It pays to be superintendent

Posted: May 04, 2012

Former Philadelphia Superintendent Arlene C. Ackerman became a poster child for bad buyout deals when the district was forced to shell out nearly $1 million last year to end her contract.

Ackerman was paid a whopping $905,000 in salary and $83,000 for unused personal and vacation days. It was a huge payout for a cash-strapped district struggling to plug a budget gap.

Fortunately, that experience helped prompt the state Senate to unanimously pass a bill that would limit how much public-school systems may pay departing administrators.

If also adopted by the House, the bill sponsored by Sen. Jeffrey Piccola (R., Dauphin) would implement commonsense measures in negotiating pay packages with school superintendents across the state.

The bill falls short in failing to address superintendents’ salaries. Pennsylvania would do well to take a lesson from New Jersey, where Gov. Christie ordered salary caps for school leaders based on district enrollment rather than arbitrary standards.

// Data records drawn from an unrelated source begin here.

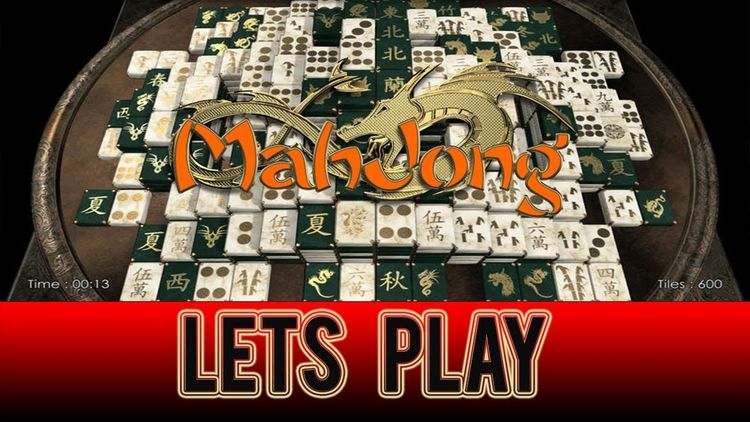 MahJong Steam CD Key | Buy cheap on Kinguin.net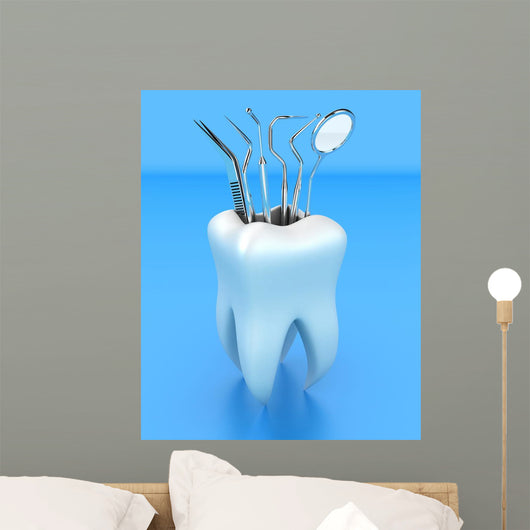 Dental Tools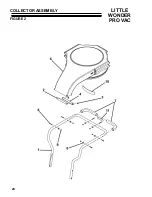 Предварительный просмотр 24 страницы Little Wonder 5612-00-59 Operators Safety Manual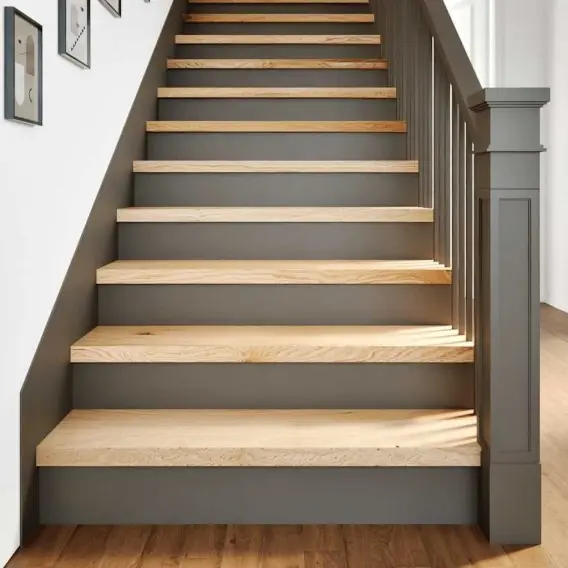 Oferta czasowa Stopnie schodowe, 20 szt. surowe 90x30x2cm lite drewno dębowe Lumarko! - Hurtownia wielobranżowa Lumarko
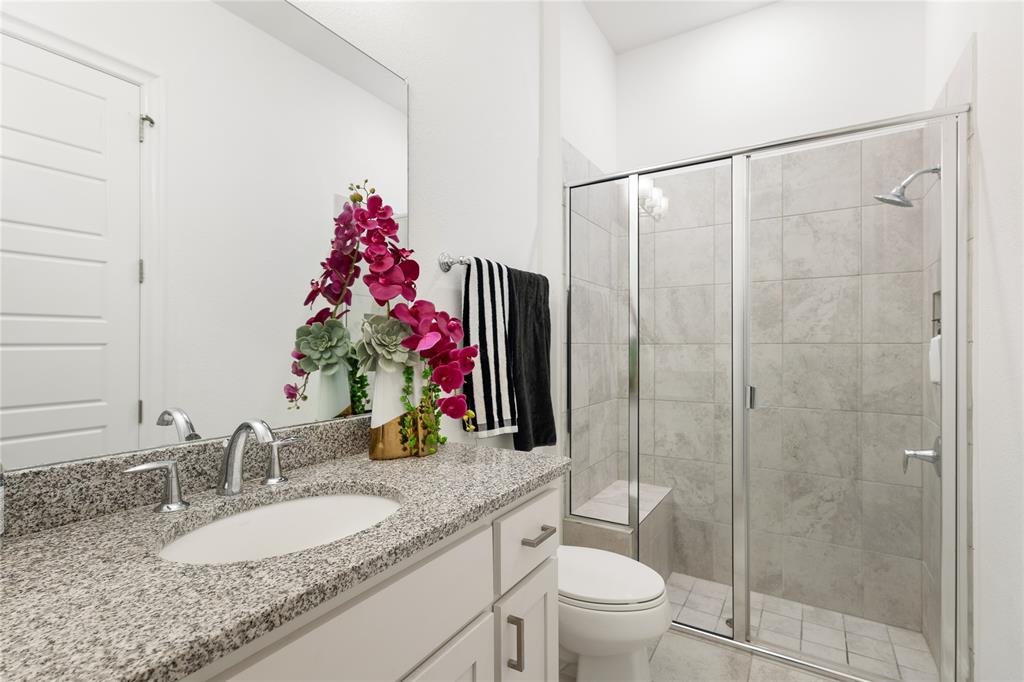 Phillips Creek Ranch Ph 7-A - Residential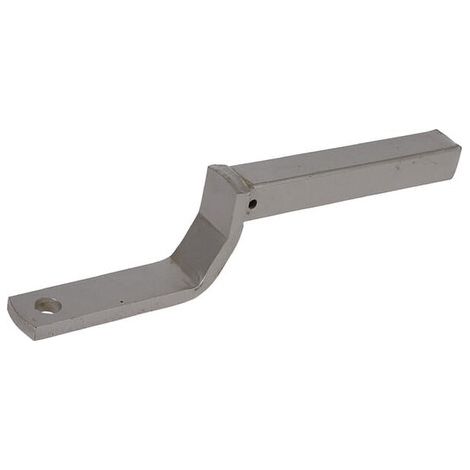 Soporte husillo KONGSKILDE 101017510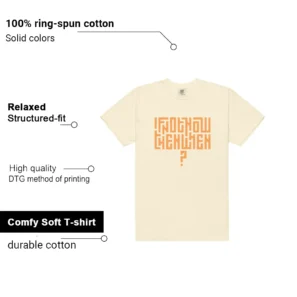 Motivational Shirt to Match Air Jordan 4 Retro Birds Of Paradise features - material, print quality, and sizing details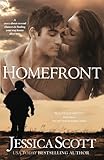 Homefront: A Coming Home Novel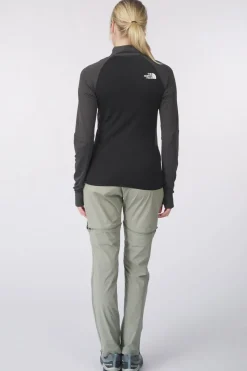 Fleece W Bolt Polartec Jacket-The North Face Discount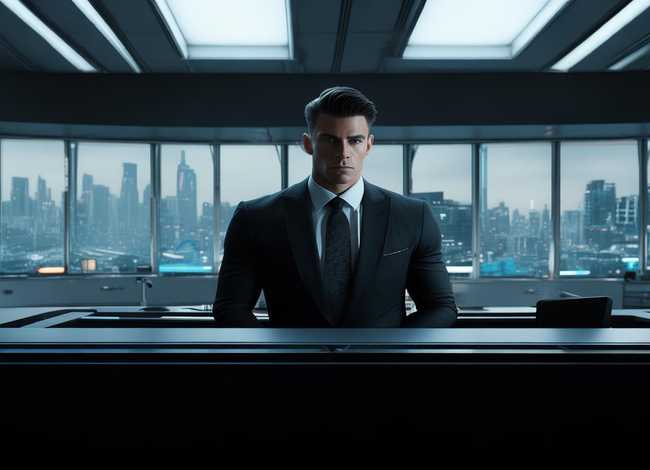 动漫故事霸道总裁，动漫故事霸道总裁小说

The Pennsylvania legislation essentially requires school districts to use the powers they already have to negotiate contracts without golden parachutes that include hundreds of thousands of dollars in cash, health-care benefits, car allowances, mortgage payments, and other perks.

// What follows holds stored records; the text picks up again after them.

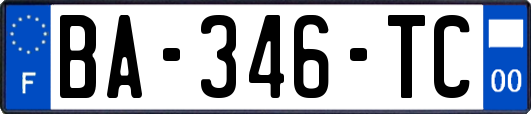 BA-346-TC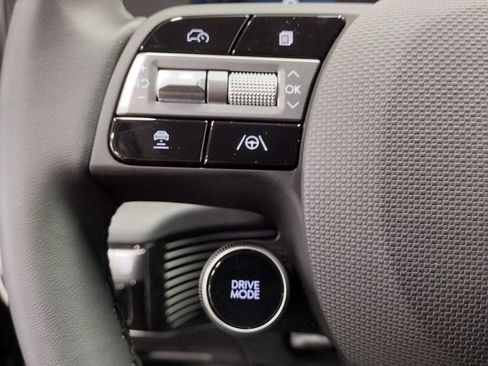 Certified 2026 Hyundai Ioniq 5 SE RWD image 24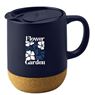 300ml Samara Cork Mug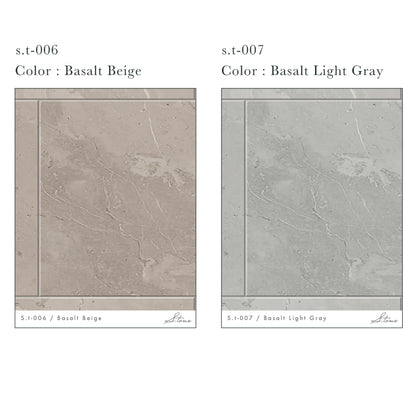 壁紙 ONE COLOR サンプル【s.t004〜s.t008】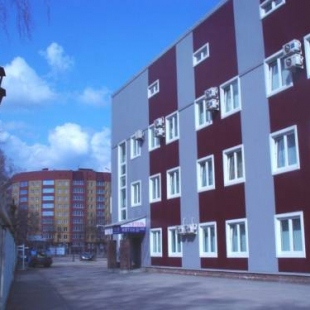 Фотография банкетного зала Спорт Отель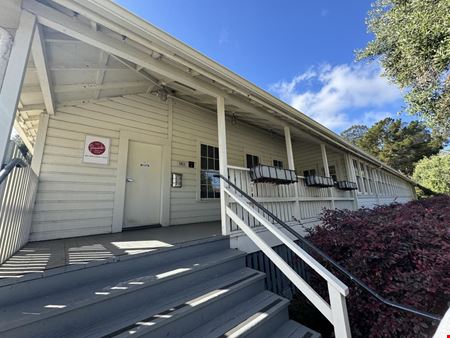 Restaurant space for Rent at 563 Ruger Street in San Francisco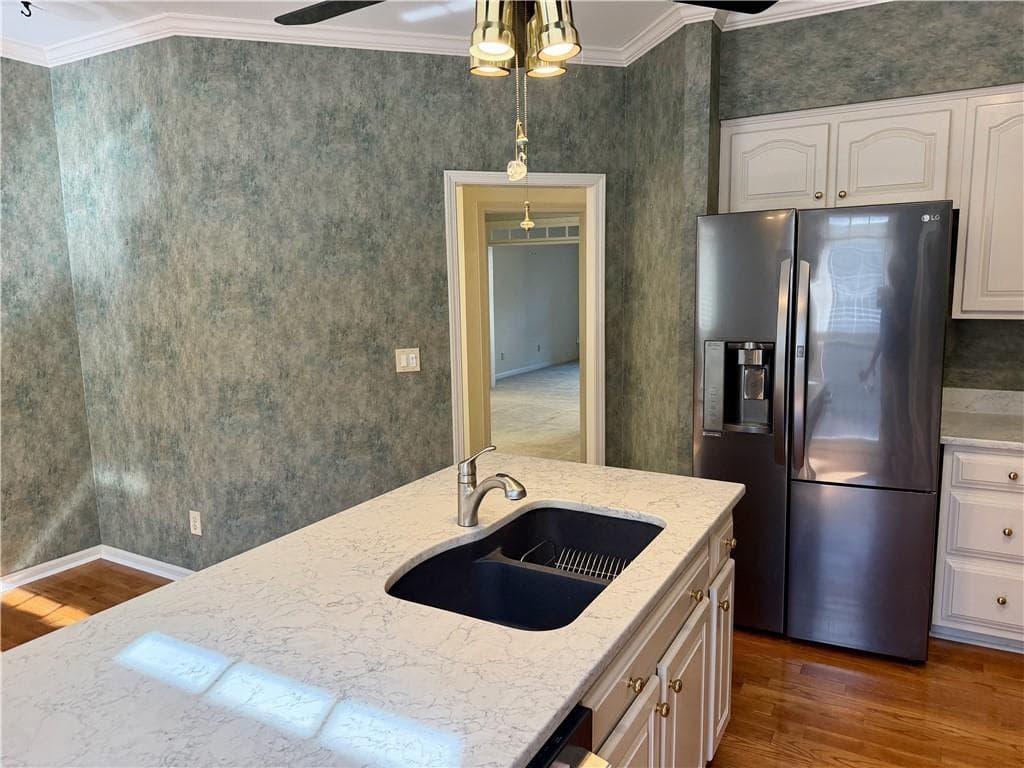 3 bedroom, 4 bathroom, 2,744 sq ft townhouse for sale at 2544 Oakwood Trace, Smyrna, GA 30080 — photo 8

The measure would cap payouts to superintendents or assistant superintendents who leave with more than two years remaining on their contracts to the equivalent of one year’s salary and benefits.

Those who leave with less than two years on their contracts could receive no more than half of the total salary and benefits owed to them under the remaining contract.

Those provisions should help districts that negotiate extended contracts with their school chiefs despite knowing that most superintendents rarely last more than three to five years. Only months after renewing Ackerman’s contract for three years, the Philadelphia School Reform Commission began negotiating her departure.

The district had to bear responsibility for Ackerman’s entire buyout package after a secret deal fell through to finance part of the payout with cash from anonymous donors who initially pledged $405,000.

But Ackerman isn’t the only administrator to receive such a generous farewell package.

Allentown schools chief Gerald Zahorchak, a former state education secretary, was paid $250,000 to leave his post last year. And the Carbondale Area School District reportedly may spend $320,000 when Superintendent Dominick F. Famularo retires next month and is given a package that includes 500 accrued vacation and sick days.

Piccola’s bill would limit payouts for unused sick leave for some employees. It would also require school boards to conduct an annual performance review of superintendents and put that information online. It would also require severance packages to be spelled out in public records.

Any time public dollars are spent, there should be transparency to assure there is nothing improper about the arrangements. Superintendents deserve to be paid well, but classrooms shouldn’t be shortchanged.